“Strength is not refusing help—it’s knowing when to reach for it. ”

Kristina Bailey, FNP-BC, PMHNP-BC

I am a Psychiatric Mental Health Nurse Practitioner practicing in Washington County, Maine, with a clinical focus in addiction medicine and suicide prevention. I am dedicated to delivering individualized, developmentally appropriate mental health care that supports both patients and their families through every stage of treatment.

Outside of my professional work, I am a very proud parent of four children—one 11-year-old and three under the age of three—which means our house is usually loud, slightly chaotic, and running on snacks and caffeine. Much of my time outside of work is spent cheering on my oldest at sports, reading, and spending time at the lake.

At the core of everything I do, both personally and professionally, is a commitment to connection, balance, and showing up fully for the people and moments that matter most.

Education

I began my nursing education by earning my Associate Degree in Nursing (ADN) through Beal University. I went on to complete my Bachelor of Science in Nursing (BSN) at the University of Maine at Fort Kent, further strengthening my clinical knowledge and commitment to patient-centered care.

I then earned my Master of Science in Nursing (MSN) as a Family Nurse Practitioner through Husson University, where I developed advanced skills in comprehensive primary care across the lifespan.

To further specialize in mental health, I completed a Post-Master’s Psychiatric Mental Health Nurse Practitioner certification at the University of Maine at Fort Kent. This advanced training allows me to provide focused, evidence-based psychiatric care to individuals experiencing a wide range of mental health conditions.

September 2, 2024

There are moments in life that change you forever—moments you never see coming. September 2, 2024, was that moment for me. Losing my father to suicide shattered me in ways I can’t fully describe, but through that pain, one thing became incredibly clear: this is where I’m meant to be.

I originally became a Family Nurse Practitioner simply because I wanted to help people in an area where care was deeply needed. Mental health had always touched my life through family struggles with depression, anxiety, and substance abuse, but I never imagined it would become my calling.

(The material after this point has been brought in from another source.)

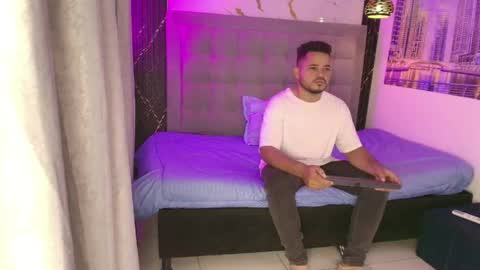 DAMIAN LUX online show from 05.12.26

Then I began treating mental health within my practice and realized how much I loved it. Still, I wasn’t convinced I wanted to return to school again to specialize in psychiatry.

My dad battled depression, anxiety, and substance abuse for most of my life. Like so many people struggling with mental illness, he carried a tremendous amount of shame and rarely opened up about what he was truly going through. Yet to most people, you would never know it. He usually wore a smile, cracked jokes constantly, and had a way of making people feel comfortable the second they met him. He was incredibly easy to love. In our small town, everyone loved seeing him coming—he had a personality that filled a room and a heart that people naturally gravitated toward. There truly was something special about him. But life with him often felt like a roller coaster. He would be doing so well for long stretches of time, and then suddenly spiral again. But somehow, he always seemed to find his way back, which made us hold onto hope every single time. Watching someone you love so much suffer while feeling powerless to save them is a kind of heartbreak that changes you forever.

I chose this path because I know what it feels like to love someone who believes they are beyond help. I know what it feels like to wish someone had listened longer, noticed more, or made them feel worthy enough to stay.

I want my patients to have someone who makes time for them, who sees them as human beings—not their diagnosis, not their addiction, not their worst mistakes. Someone who reminds them that perfection does not exist and that struggling does not make them weak.

No one should have to suffer alone in the darkest parts of their mind. If I can help even one person find hope, healing, or the strength to stay, then every step of this journey will be worth it.